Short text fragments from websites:
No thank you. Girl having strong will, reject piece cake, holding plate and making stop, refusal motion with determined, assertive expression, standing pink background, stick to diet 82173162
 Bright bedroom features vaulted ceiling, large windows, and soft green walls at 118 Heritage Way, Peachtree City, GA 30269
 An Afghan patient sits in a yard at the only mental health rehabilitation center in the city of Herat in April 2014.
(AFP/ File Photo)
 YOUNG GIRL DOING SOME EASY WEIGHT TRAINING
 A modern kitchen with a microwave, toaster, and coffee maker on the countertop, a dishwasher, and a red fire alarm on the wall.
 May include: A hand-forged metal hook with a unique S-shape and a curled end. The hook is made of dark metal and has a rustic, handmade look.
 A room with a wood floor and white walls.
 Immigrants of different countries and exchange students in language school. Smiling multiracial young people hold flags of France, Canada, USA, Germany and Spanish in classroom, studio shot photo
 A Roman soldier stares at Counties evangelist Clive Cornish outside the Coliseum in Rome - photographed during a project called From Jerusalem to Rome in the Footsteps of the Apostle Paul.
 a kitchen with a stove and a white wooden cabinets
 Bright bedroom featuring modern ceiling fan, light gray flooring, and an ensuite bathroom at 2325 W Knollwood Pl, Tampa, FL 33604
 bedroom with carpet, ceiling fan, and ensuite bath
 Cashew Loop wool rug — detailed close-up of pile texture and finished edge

What is expected:
Copy exactly. Start at the line containing "A Roman soldier" and continue through the last line of the records.

Answer to the problem:
 A Roman soldier stares at Counties evangelist Clive Cornish outside the Coliseum in Rome - photographed during a project called From Jerusalem to Rome in the Footsteps of the Apostle Paul.
 a kitchen with a stove and a white wooden cabinets
 Bright bedroom featuring modern ceiling fan, light gray flooring, and an ensuite bathroom at 2325 W Knollwood Pl, Tampa, FL 33604
 bedroom with carpet, ceiling fan, and ensuite bath
 Cashew Loop wool rug — detailed close-up of pile texture and finished edge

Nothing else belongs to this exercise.